Sebelumnya Kajari Sumbawa, Iwan Setiawan, SH., M.Hum pada momen Hari Anti Korupsi Sedunia belum lama ini, menyatakan akan terus berupaya melakukan pencegahan terjadinya tindak pidana korupsi dalam rangka menyukseskan program pemerintah. Salah satunya adalah pengamanan dan pengawasan terhadap 17 item proyek di Kabupaten Sumbawa. Hal itu dilakukan dengan optimal, obyektif dan rasional. Jika ditemukan indikasi, karena konteksnya adalah pengawalan, maka pihaknya akan melakukan pencegahan. Selain pencegahan, pihaknya juga melakukan penindakan. Seperti saat ini tengah menangani kasus dugaan penyimpangan pembangunan KUA Labangka. Dalam kasus ini sudah ditetapkan dua orang tersangka.
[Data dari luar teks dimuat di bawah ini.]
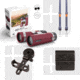 GoView ZOOMR 10x34mm Roof Prism Binoculars, Ruby Red, 4260527415961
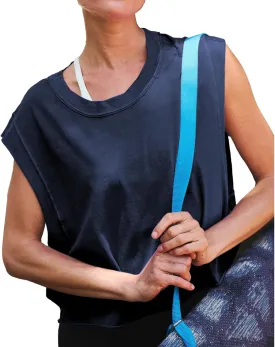 Ainangua Oversized Tank Top for Women Sleeveless Athletic Cropped Activewear Workout Yoga Gym Tops
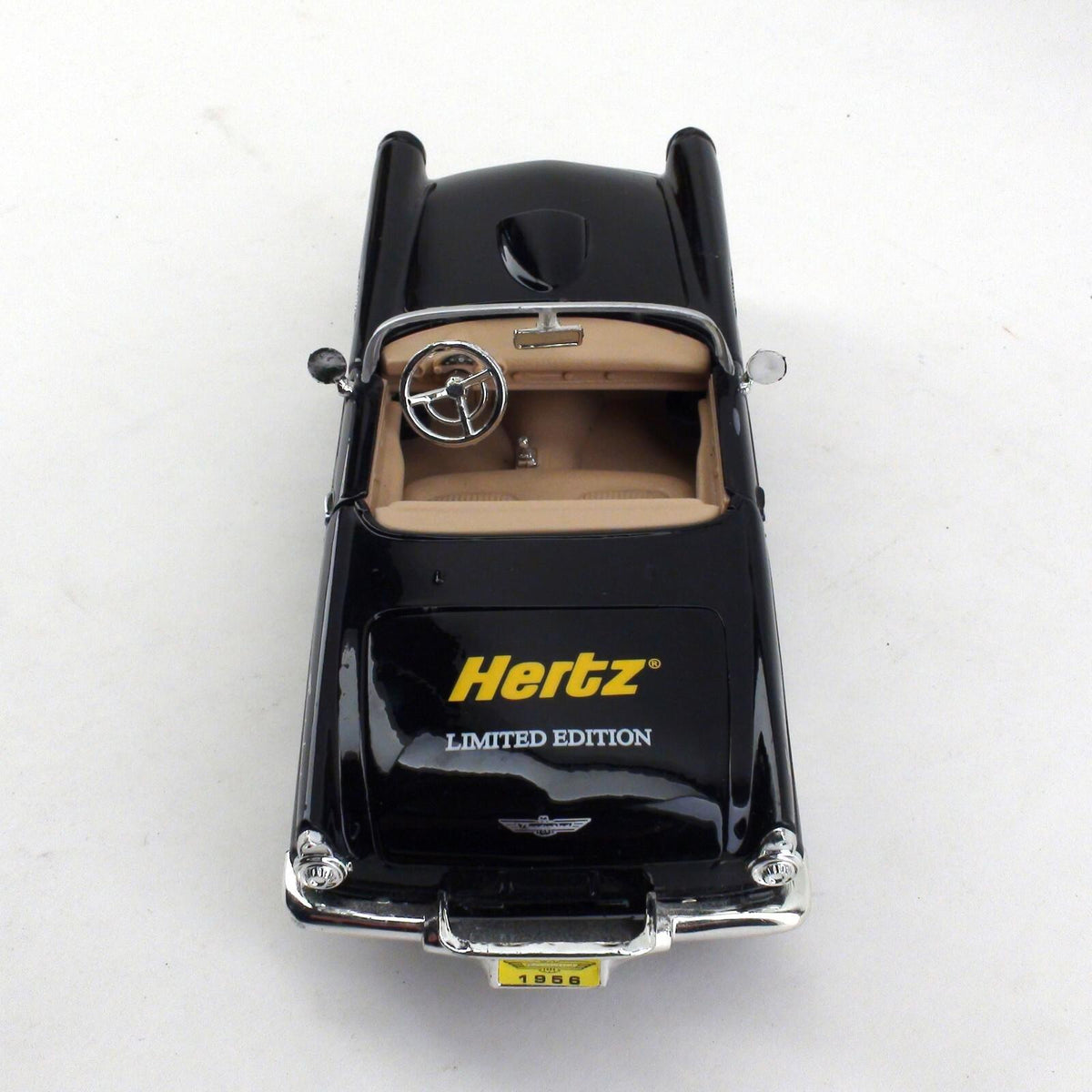 Hertz Limited Edition 1956 Ford Thunderbird Black Convertible 1:24 Scale Model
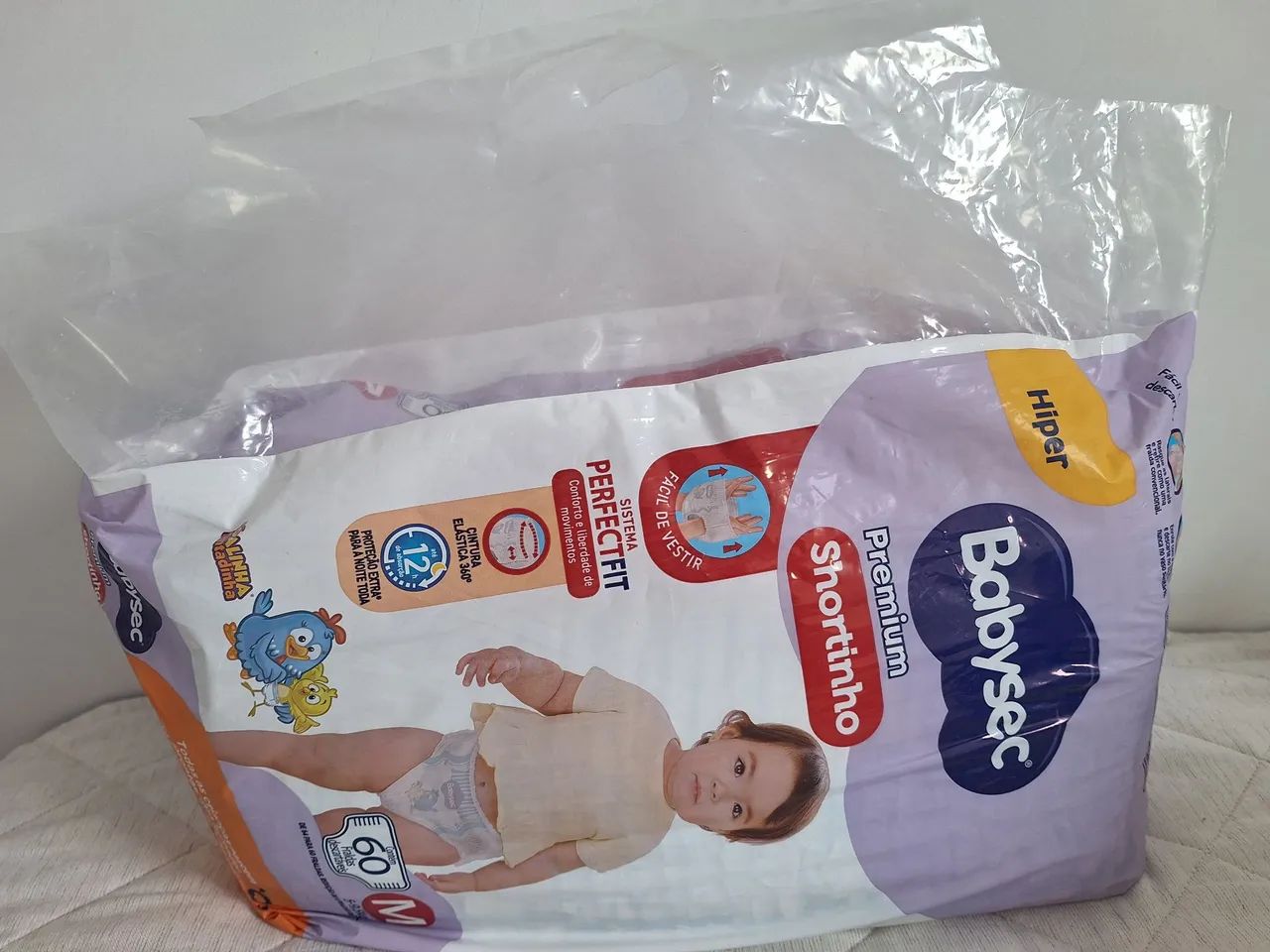 Fralda babysec shortinho 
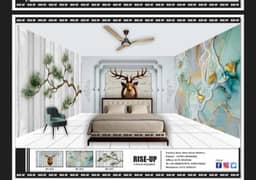 3d flex wallpaper and selling palling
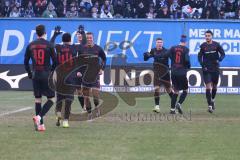 3. Liga - Saison 2025/26 - Hansa Rostock - FC Ingolstadt 04  -  Der 0:3 Führungstreffer durch - Marcel Costly (Nr.22 - FCI) - jubel - XXXXX - Foto: Meyer Jürgen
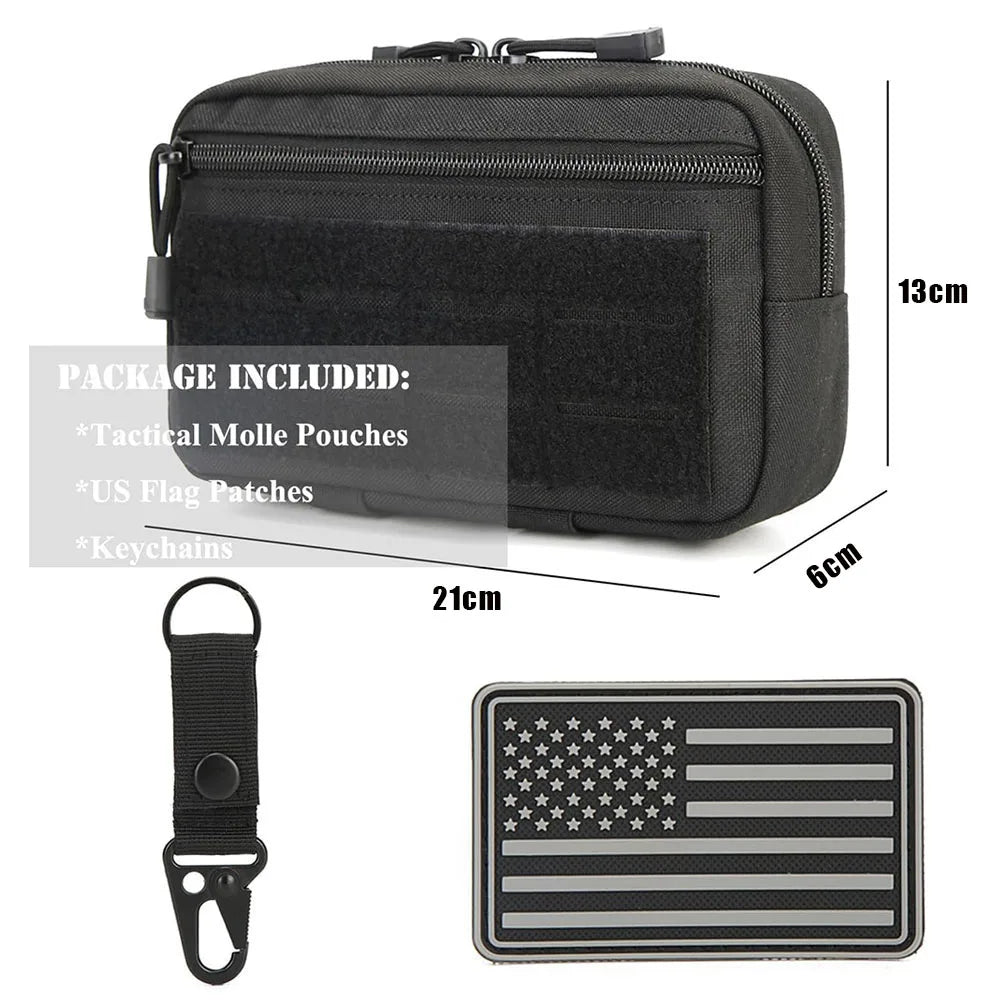 Riñonera táctica EDC Molle - detalle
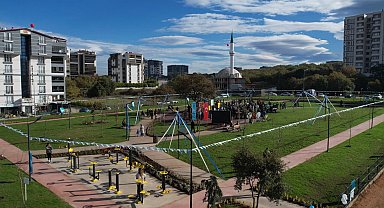 Bursa Nilüfer'de Kardelen Parkı ve Koşu Yolu açıldı
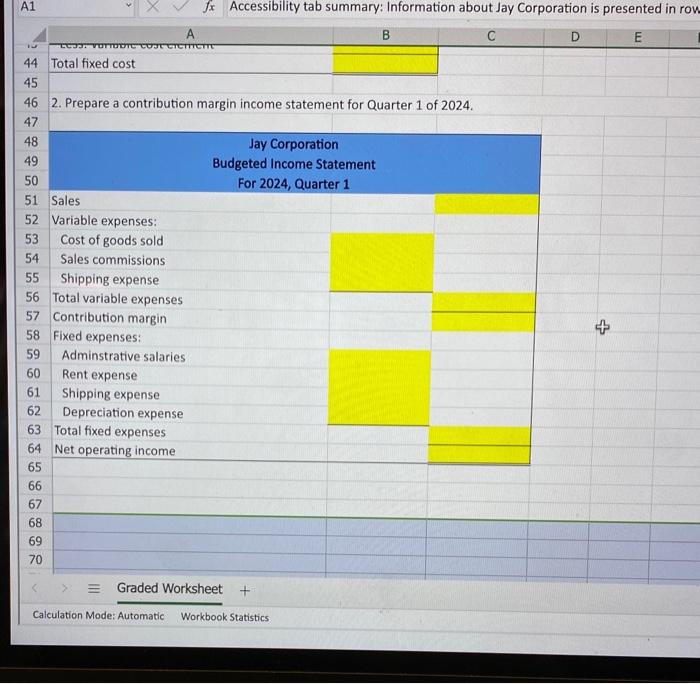the following cost patterns. hipping has been determined to be a mixed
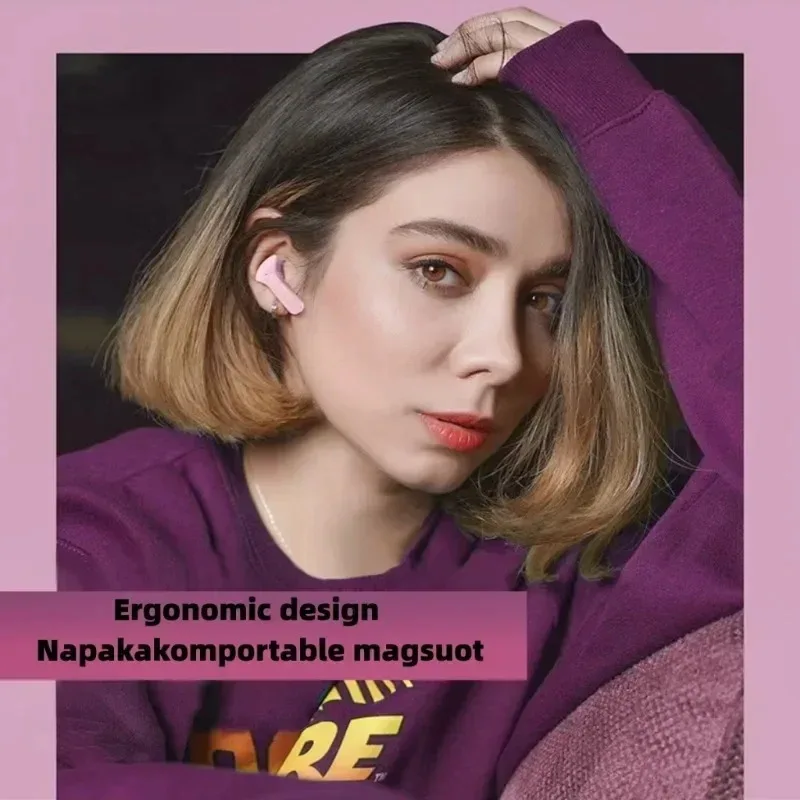 Auricolare Bluetooth wireless originale T2 Cuffie HIFI trasparenti Display digitale a LED Auricolari audio stereo per telefono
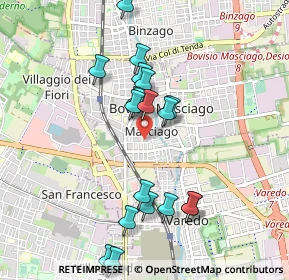 Mappa Via G. Mazzini, 20813 Bovisio-Masciago MB, Italia (0.9625)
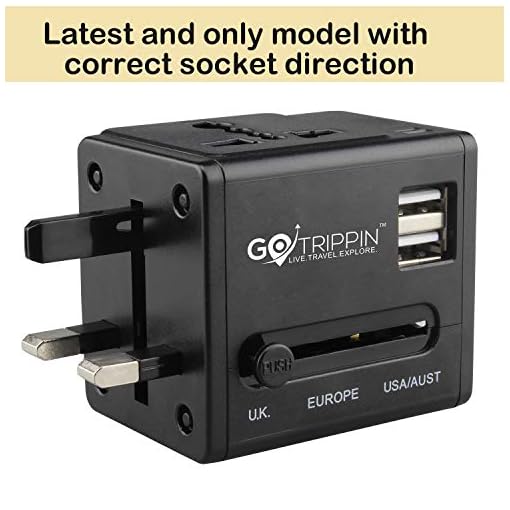 Gotrippin Universal Charger Adapter with Type C- 20w Type C + 18W USB A - International Worldwide All in One Travel Charger Plug with Universal Socket for USA, Canada,UK, Europe, Dubai, and More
Kedepan, pihaknya juga akan lebih melakukan pembenahan internal. Sebab Jaksa Agung pernah menyampaikan ada kejahatan yang terstruktur di instansi pemerintah. Karena itu, pihaknya juga harus mawas diri dan berupaya menjadi figur dalam pemberantasan tindak pidana korupsi. (JEN/SR)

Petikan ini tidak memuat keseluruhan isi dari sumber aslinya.